What you should do | From the line with "Pašteta ADRIATIC QUEEN" to the line with "Free shipping sign", retype every line exactly, including those two, and leave out the rest of the data below.

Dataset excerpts
■ ■ ■ ■ ■
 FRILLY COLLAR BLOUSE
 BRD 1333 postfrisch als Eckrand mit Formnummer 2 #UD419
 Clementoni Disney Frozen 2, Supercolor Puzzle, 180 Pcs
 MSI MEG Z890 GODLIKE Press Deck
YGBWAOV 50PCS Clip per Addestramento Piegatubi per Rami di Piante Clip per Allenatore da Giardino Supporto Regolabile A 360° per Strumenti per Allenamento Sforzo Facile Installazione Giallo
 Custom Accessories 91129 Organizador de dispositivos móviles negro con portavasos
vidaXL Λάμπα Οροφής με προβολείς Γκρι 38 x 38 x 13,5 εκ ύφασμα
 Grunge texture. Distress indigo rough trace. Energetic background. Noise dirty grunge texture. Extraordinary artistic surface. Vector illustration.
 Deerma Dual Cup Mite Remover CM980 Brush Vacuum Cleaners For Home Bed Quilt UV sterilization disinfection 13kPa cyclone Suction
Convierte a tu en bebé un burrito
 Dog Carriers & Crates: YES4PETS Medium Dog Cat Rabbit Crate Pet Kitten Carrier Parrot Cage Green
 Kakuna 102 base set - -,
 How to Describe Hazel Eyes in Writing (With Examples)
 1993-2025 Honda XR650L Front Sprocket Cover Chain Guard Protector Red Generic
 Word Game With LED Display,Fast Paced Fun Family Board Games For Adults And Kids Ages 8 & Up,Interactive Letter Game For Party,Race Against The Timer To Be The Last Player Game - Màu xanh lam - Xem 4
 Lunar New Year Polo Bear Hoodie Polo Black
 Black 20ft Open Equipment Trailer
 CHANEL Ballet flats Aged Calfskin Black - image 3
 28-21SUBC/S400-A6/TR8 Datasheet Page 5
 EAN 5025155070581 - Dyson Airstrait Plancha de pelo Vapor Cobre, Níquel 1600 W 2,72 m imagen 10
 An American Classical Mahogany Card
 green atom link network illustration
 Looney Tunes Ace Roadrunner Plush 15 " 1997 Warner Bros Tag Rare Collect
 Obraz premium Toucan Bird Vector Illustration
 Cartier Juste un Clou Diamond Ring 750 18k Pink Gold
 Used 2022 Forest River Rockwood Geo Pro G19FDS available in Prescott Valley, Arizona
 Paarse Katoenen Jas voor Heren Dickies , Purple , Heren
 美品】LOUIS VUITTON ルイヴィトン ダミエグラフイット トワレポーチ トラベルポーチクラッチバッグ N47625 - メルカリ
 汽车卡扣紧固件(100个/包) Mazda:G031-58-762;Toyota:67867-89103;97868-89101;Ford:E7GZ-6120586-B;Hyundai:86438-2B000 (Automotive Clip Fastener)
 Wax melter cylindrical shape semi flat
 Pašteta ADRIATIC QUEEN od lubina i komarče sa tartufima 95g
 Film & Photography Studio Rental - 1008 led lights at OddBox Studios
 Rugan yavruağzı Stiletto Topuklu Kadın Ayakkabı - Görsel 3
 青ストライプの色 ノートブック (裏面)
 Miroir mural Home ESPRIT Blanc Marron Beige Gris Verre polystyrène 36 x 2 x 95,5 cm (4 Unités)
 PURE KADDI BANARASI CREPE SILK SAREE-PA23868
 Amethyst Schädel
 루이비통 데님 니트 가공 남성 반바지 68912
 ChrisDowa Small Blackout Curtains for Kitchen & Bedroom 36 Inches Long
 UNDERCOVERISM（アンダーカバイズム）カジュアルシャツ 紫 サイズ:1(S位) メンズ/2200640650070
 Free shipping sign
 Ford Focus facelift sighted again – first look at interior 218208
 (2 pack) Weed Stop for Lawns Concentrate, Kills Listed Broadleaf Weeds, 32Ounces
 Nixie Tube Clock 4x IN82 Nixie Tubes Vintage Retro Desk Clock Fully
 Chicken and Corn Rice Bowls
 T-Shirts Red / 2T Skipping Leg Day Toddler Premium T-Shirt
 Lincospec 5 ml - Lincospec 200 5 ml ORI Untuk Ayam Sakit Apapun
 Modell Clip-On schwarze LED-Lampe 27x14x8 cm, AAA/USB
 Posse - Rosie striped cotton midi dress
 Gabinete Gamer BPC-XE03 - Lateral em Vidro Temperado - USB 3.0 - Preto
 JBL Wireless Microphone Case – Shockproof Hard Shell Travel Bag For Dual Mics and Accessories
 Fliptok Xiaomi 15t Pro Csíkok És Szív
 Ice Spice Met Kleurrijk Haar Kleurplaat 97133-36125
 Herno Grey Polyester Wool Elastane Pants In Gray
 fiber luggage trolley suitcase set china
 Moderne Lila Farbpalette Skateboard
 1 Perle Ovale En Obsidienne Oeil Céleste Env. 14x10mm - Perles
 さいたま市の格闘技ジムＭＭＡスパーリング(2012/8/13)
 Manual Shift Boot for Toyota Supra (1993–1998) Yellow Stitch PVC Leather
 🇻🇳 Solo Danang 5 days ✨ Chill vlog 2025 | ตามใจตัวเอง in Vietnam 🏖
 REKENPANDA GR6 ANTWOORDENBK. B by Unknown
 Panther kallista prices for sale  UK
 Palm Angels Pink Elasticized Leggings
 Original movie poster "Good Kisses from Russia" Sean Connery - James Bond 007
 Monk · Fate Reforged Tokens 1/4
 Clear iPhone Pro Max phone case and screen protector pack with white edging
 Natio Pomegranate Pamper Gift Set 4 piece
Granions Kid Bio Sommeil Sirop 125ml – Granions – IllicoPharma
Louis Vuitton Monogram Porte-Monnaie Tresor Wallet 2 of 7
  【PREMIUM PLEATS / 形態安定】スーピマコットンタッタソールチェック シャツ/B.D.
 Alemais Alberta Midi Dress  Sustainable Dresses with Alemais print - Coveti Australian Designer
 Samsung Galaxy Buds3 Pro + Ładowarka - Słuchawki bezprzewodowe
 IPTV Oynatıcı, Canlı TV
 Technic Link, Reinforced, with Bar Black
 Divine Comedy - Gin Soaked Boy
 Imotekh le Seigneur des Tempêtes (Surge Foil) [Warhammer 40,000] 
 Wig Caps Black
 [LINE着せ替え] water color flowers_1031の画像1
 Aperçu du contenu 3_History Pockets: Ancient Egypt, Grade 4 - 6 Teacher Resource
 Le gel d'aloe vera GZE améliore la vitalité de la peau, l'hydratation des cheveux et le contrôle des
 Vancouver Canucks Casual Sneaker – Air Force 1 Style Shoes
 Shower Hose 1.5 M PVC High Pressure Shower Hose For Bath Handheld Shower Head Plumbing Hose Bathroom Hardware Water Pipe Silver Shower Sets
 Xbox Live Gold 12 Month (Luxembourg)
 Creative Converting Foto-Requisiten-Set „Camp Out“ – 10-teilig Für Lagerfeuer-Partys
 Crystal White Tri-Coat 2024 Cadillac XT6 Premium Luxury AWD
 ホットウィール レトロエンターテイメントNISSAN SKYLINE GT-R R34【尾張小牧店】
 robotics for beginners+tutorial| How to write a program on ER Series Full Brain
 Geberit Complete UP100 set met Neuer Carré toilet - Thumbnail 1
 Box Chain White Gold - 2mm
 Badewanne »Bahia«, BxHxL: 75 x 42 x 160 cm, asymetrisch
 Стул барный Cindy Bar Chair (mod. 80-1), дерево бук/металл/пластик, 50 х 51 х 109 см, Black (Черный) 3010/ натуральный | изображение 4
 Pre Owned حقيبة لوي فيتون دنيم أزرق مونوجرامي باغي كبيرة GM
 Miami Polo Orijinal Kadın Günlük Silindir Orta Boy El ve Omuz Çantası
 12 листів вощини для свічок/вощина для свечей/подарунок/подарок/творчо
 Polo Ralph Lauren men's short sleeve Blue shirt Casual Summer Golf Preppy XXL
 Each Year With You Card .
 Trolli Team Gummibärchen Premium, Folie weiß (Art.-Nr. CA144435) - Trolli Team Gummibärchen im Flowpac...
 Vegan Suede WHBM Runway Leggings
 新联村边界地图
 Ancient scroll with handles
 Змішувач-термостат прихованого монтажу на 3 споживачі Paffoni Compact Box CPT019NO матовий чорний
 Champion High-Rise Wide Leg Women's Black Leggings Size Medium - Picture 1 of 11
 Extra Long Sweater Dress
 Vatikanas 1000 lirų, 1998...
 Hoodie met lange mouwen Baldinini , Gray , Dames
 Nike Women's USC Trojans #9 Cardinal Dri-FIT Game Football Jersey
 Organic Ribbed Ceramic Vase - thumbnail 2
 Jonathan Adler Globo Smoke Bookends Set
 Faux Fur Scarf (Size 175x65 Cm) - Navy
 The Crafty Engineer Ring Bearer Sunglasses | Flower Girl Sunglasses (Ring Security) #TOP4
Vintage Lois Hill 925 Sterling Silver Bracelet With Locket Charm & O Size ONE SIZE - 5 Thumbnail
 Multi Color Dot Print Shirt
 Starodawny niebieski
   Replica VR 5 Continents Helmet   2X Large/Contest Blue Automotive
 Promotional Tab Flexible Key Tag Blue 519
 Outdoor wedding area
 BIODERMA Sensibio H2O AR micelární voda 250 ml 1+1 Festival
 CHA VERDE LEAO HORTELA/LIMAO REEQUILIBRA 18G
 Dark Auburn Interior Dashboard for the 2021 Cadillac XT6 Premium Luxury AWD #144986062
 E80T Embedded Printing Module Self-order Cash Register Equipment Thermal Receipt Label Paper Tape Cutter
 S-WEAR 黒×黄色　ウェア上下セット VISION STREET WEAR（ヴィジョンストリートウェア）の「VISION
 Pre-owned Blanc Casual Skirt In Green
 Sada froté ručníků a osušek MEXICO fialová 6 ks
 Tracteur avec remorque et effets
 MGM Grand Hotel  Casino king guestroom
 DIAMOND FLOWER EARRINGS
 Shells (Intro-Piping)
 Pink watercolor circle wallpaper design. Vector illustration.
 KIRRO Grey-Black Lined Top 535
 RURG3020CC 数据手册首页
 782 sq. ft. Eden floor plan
■ ■ ■ ■ ■
Solution for this task |
 Pašteta ADRIATIC QUEEN od lubina i komarče sa tartufima 95g
 Film & Photography Studio Rental - 1008 led lights at OddBox Studios
 Rugan yavruağzı Stiletto Topuklu Kadın Ayakkabı - Görsel 3
 青ストライプの色 ノートブック (裏面)
 Miroir mural Home ESPRIT Blanc Marron Beige Gris Verre polystyrène 36 x 2 x 95,5 cm (4 Unités)
 PURE KADDI BANARASI CREPE SILK SAREE-PA23868
 Amethyst Schädel
 루이비통 데님 니트 가공 남성 반바지 68912
 ChrisDowa Small Blackout Curtains for Kitchen & Bedroom 36 Inches Long
 UNDERCOVERISM（アンダーカバイズム）カジュアルシャツ 紫 サイズ:1(S位) メンズ/2200640650070
 Free shipping sign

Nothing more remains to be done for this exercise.